Cluster Federation

Single-center asymmetric node federation — one brain orchestrates many machines while the cluster keeps exactly one mind. Reverse RPC, node_invoke, command allowlists, and approval routing.

"One core, many shells" gives one brain many I/O channels. Cluster Federation extends the same principle to one brain, many execution bodies: a single center aleph-server orchestrates work across several physical machines (nodes) — while preserving the hard rule that the cluster has exactly one mind.

This is the "one core, many bodies" extension of Single-Core Multi-Terminal. The center is still the only reasoning core; nodes are pure execution arms.

For how a single shell attaches to a single core (local or remote), see Desktop Bridge. This page is about the orthogonal axis: how the center commands many nodes.

Topology: Single-Center, Asymmetric

Aleph deliberately rejects symmetric mesh, multi-master, and distributed consensus. The cluster is one center + N nodes:

        [Human / Aleph Channel]              ← attaches to the single front door (center),
              │ JSON-RPC over WS                local or remote, mutually exclusive
              ▼
   ╔══════════════════════════╗
   ║   Center Aleph Core       ║   The LLM sees exactly TWO cluster tools:
   ║   (the only brain)        ║     environments.list      (read)
   ║   Think → Act loop        ║     node_invoke(node, cmd, params)  (write)
   ║                           ║
   ║  ┌────────────────────┐   ║   NodeRegistry: nodes_by_id / nodes_by_conn
   ║  │ src/cluster/        │   ║   pending_invokes: reverse-RPC id correlation
   ║  │  NodeRegistry        │   ║
   ║  │  env aggregation +   │   ║
   ║  │  routing             │   ║
   ║  └─────────┬──────────┘   ║
   ╚════════════│═════════════╝
   center→node  │ node.invoke         node→center ▲ events
   (reverse RPC)│ (over the node's    (push back)  │
                │  always-open WS)
        ┌───────┴───────┬───────────────────┐
        ▼               ▼                   ▼
   ┌─────────┐     ┌─────────┐        ┌──────────┐
   │ Node B   │    │ Node C   │        │  local   │
   │NodeClient│    │NodeClient│        │ (the host│
   │ dials →  │    │ dials →  │        │  is also │
   │  center  │    │  center  │        │  an env) │
   │ declares │    │ declares │        └──────────┘
   │ commands │    │ commands │
   │ executes │    │ executes │
   │ locally  │    │ locally  │
   └─────────┘     └─────────┘
   node = pure execution arm: receives node.invoke → runs a local
   tool/agent → returns result + events

Dimension	Decision
Topology	Single-center asymmetric: 1 center (the only brain, holds the `NodeRegistry` + orchestration) + N nodes (pure execution arms that dial in).
Front door	The center is the only entry point.
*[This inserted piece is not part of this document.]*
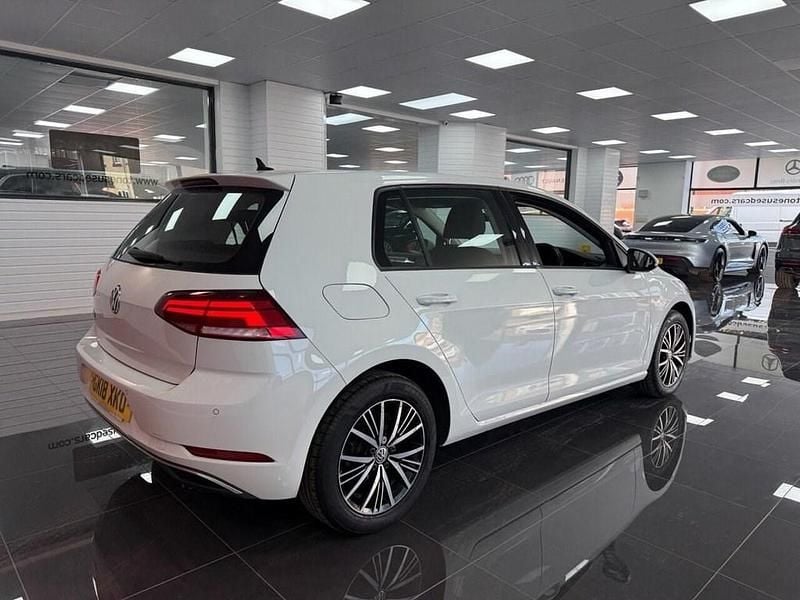 Used VW Golf VII SE 110 HP (80 kW) 2018 White Hatchback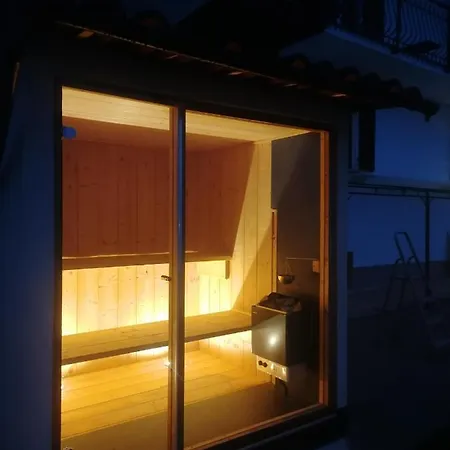Villa Belvedere Langhe Bed & Breakfast *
Connecting to a node ≠ using the cluster — a node cannot see or orchestrate the cluster. Operating the cluster remotely means remotely connecting a channel to the center.
Dial direction	Nodes dial out to the center (NAT-friendly), not the other way around.
Identity	Identity = (the core you connect to) × (the tier that core grants your device). Reuses the existing pairing + operator/guest + chat/config model. No new identity system.
Memory	Center memory = cluster memory. No distributed shared memory. A node's sub-agent uses the node's local memory; results flow back to the center.
Dual role	A machine is exactly one of: standalone / center / node. No machine is simultaneously a center and someone else's node.
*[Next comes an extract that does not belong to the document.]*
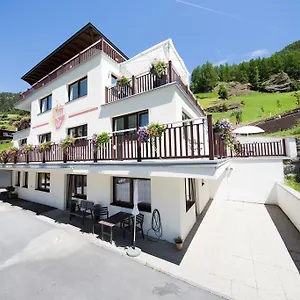 Apartment Haus Pia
Not a high-availability cluster. The single center is a single point — fine for a personal assistant spanning a few machines. There is no failover, no multi-center, no consensus.

The LLM sees two tools, not N

The center LLM never sees a growing tool surface as nodes join. It always sees the same two cluster primitives:

environments.list — self-describing. Each online node reports its id, status, and command catalog (names + JSON Schema). The host itself is an environment with id: "local".
node_invoke(node_id, command, params) — the universal execution entry point.
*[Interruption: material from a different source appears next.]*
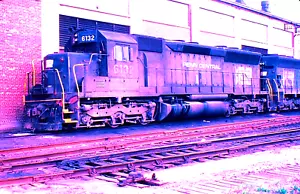 DUPLICATE EKTACHROME SLIDE PENN CENTRAL SD-45 #6132 APRIL 1976 - Picture 1 of 1
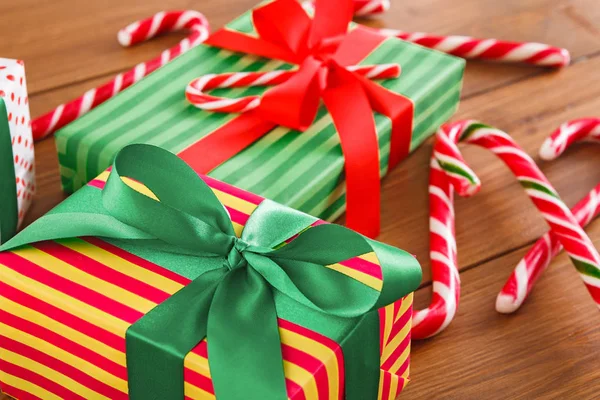 Noel hediye kutusu gri kağıdına sarılmış. Saten şerit yay, köknar dalı. Portre, kırpma.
The model reads environments.list and assembles the invoke itself. Which machine, which command, which params — all of it is reasoning that lives in the prompt, not in deterministic routing code. This is LLM Sovereignty applied to placement: "on which machine should this run?" is just one more parameter the model fills in.

Four capability classes collapse into one transport + one command catalog:

Capability	Expressed as
Tool execution	`node_invoke("node:B", "bash", { ... })`
Capability access	`node_invoke("node:B", "desktop.screenshot", { ... })`
Sub-agent delegation	`node_invoke("node:B", "agent.run", { task })` — B runs Think→Act locally, streams progress back
Event reporting	node → center event channel (reverse); the center subscribes and the LLM reacts proactively

A dedicated node_file(node, direction, local_path, remote_path) tool moves binaries and large files between center and node (push/pull, SHA-256 verified on both ends). Bytes flow process-to-process and never enter the LLM context — only paths go in, and a { direction, bytes, sha256, paths } summary comes back.

Node lifecycle

The whole lifecycle reuses the existing pairing / token / tool machinery — there is no parallel enrollment system.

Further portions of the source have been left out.